Heeling should be focus on you, mark, reward often when eyes are on yours. It's good to have a spotter when you work so you know if the pup is sitting crooked...when you look back to check, usually the body language of the handler will have the dog not sit straight...keep your body straight and don't move your left shoulder back if you are checking positions. Work against a wall.
It is repetition, small sessions and always a work in progress. Too much details to write out. Is there an obedience instructor you can work on on one with?


----------



## Smithie86 (Jan 9, 2001)

Bridget Carlsen is in your area.


----------



## onyx'girl (May 18, 2007)

Smithie86 said:


> Bridget Carlsen is in your area.


Yes she is!! And she is really great, if you can get with her go for it. I've done a few workshops with her.


----------



## gsdlover91 (Jul 21, 2012)

Thanks for the response. My dog is 11 months old. I do put food in every step right now. The problem with tension, is that sometimes he shuts down completely and just lies down on the track confused I train at a schH club, but not with any obedience trainer atm. I will look into Bridget thank you!


----------



## onyx'girl (May 18, 2007)

You need someone to work with you on tracking then...it is always good to have another pair of experienced eyes and the dog needs to get use to others following along when you track. 
My ob trainer was at Bridgets a couple weeks ago and Bridget had her young dog tracking and indicating pennies(along with articles) on the track. She was very impressed because the pennies were in fairly thick cover.


----------



## lhczth (Apr 5, 2000)

Remove the jackpot from the end of the track for now and make tracking about the track itself. Only a couple of extra pieces at the end. I would also add in corners or serpentines, but you need to know exactly where they are, especially the serpentines. 

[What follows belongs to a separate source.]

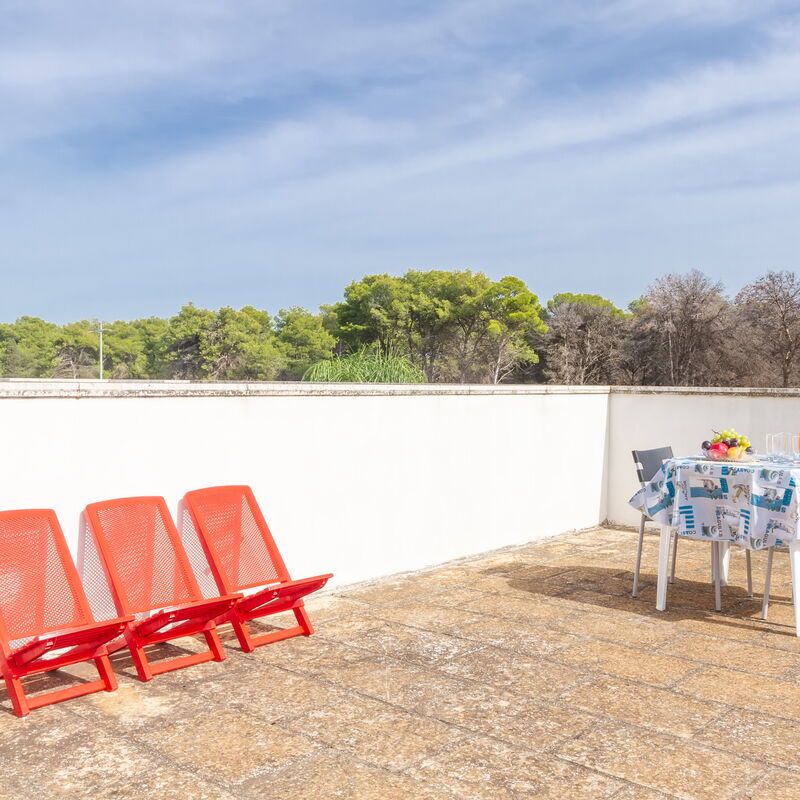 Beach Life Apartment In Boncore: Autumn, Balcony / Terrace / Patio, Spring, Summer, Winter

Something that has helped Deja, who I have been trying to retrain, are free tracks. I did puppy boxes/circles first and then laid heavily baited tracks. I take her out and just stand back and let her track on her own. The first few were sort of scary to watch, but then she slowed down and started to work the tracks. There are only a few extra pieces of food at the end. No huge jackpot. I save jackpots for articles and for hidden boxes/cases (something new I have learned about) on the tracks themselves (no articles or jackpot boxes on free tracks). This is something I will be using from the start with my next puppy.


----------



## slade (Jan 14, 2008)

lhczth said:


> Remove the jackpot from the end of the track for now and make tracking about the track itself. Only a couple of extra pieces at the end. I would also add in corners or serpentines, but you need to know exactly where they are, especially the serpentines.
> 
> Something that has helped Deja, who I have been trying to retrain, are free tracks. I did puppy boxes/circles first and then laid heavily baited tracks. I take her out and just stand back and let her track on her own. The first few were sort of scary to watch, but then she slowed down and started to work the tracks. There are only a few extra pieces of food at the end. No huge jackpot. I save jackpots for articles and for hidden boxes/cases (something new I have learned about) on the tracks themselves (no articles or jackpot boxes on free tracks). This is something I will be using from the start with my next puppy.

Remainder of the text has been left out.